No significant correlations between admissions Zinc, discharge Zinc and other maternal & neonatal variables.

Conclusions
This study concluded that:
- DNA damage % in the tail after phototherapy was significantly higher in low Zinc group.
- There was no significant difference as regards zinc level before and after phototherapy in both groups.
- DNA damage % in tail was highly encountered after phototherapy combined with low zinc level meanwhile phototherapy has no effect on serum zinc level.


Recommendations
Phototherapy use should be restricted to those with significant hyperbilirubinemia. The long-term effects of phototherapy on DNA should be assessed in future studies.

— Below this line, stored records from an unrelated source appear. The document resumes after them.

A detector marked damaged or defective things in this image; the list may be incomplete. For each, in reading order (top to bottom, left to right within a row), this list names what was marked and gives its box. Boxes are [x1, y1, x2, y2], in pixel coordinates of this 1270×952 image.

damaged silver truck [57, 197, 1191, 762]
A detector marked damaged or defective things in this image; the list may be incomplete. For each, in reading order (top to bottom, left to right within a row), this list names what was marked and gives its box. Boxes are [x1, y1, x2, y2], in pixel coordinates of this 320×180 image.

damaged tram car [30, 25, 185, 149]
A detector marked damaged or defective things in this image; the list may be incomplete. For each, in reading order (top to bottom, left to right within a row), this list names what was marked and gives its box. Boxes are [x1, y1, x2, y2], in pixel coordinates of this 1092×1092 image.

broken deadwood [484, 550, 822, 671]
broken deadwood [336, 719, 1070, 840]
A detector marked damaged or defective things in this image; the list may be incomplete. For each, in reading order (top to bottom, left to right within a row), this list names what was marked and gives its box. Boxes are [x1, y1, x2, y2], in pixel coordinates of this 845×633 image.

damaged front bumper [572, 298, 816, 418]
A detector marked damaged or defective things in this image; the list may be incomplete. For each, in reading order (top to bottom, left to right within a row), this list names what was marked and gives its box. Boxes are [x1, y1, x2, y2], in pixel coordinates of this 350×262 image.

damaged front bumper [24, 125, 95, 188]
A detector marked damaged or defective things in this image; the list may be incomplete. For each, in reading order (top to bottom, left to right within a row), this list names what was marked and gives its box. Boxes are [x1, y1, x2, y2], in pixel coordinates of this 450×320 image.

Future studies are important to determine the extent to which zinc deficiency enhances susceptibility to DNA-damaging agents or not.
We suggest that future studies on inhibiting bilirubin enterohepatic circulation in hyperbilirubinemia neonates to include therapeutic use of low absorbable (insoluble) zinc salts.
It is suggested that further studies to be conducted on the effect of phototherapy on the levels of magnesium, and zinc and copper on premature and pre-term infants.
We recommend that neonates should be evaluated for serum zinc level before phototherapy.